>>>

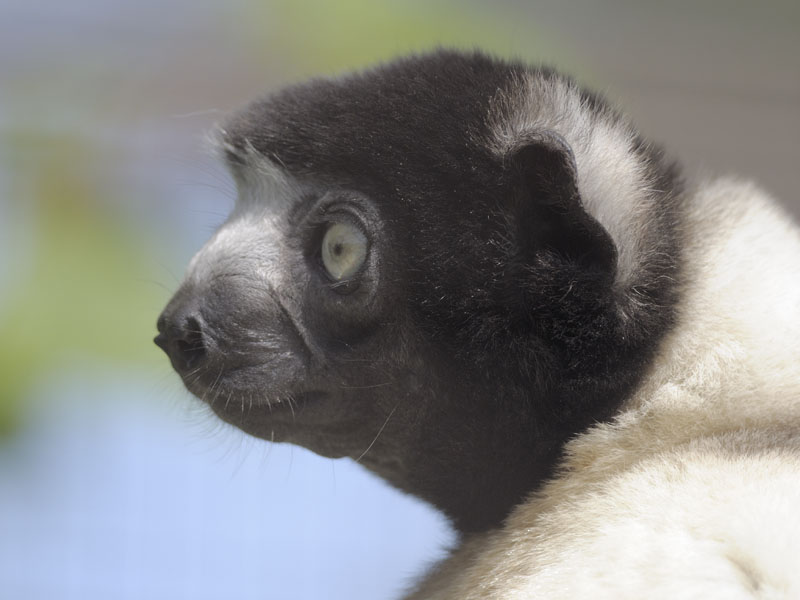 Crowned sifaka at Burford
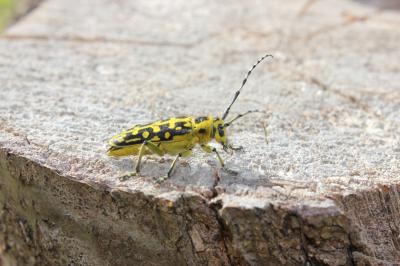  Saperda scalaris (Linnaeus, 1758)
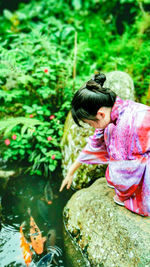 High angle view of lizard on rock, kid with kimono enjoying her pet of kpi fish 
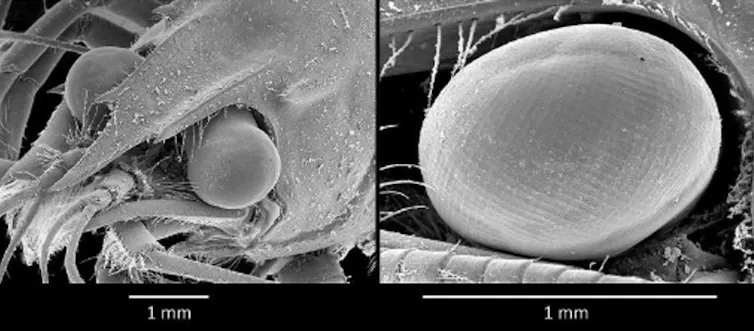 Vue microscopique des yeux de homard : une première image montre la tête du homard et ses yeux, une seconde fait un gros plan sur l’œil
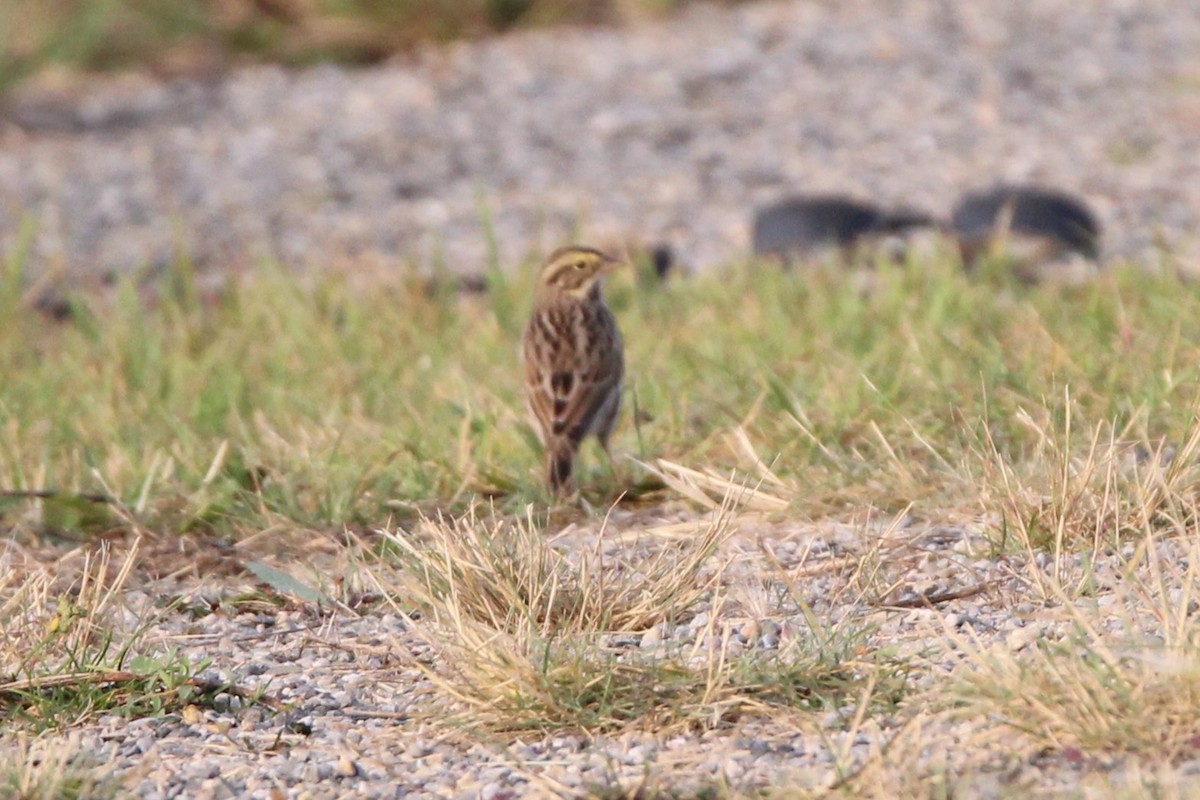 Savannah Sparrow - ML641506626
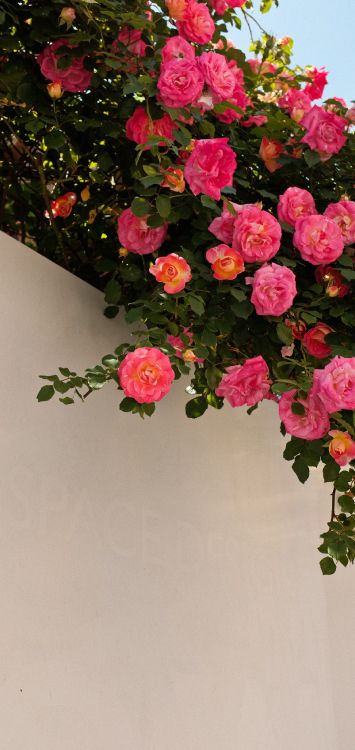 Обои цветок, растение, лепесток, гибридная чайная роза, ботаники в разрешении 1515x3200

<<<

§ **What is being asked**
Could you restate every entry above word for word, leaving out the pictures?

§ **Written solution**
 Crowned sifaka at Burford
  Saperda scalaris (Linnaeus, 1758)
 High angle view of lizard on rock, kid with kimono enjoying her pet of kpi fish 
 Vue microscopique des yeux de homard : une première image montre la tête du homard et ses yeux, une seconde fait un gros plan sur l’œil
 Savannah Sparrow - ML641506626
 Обои цветок, растение, лепесток, гибридная чайная роза, ботаники в разрешении 1515x3200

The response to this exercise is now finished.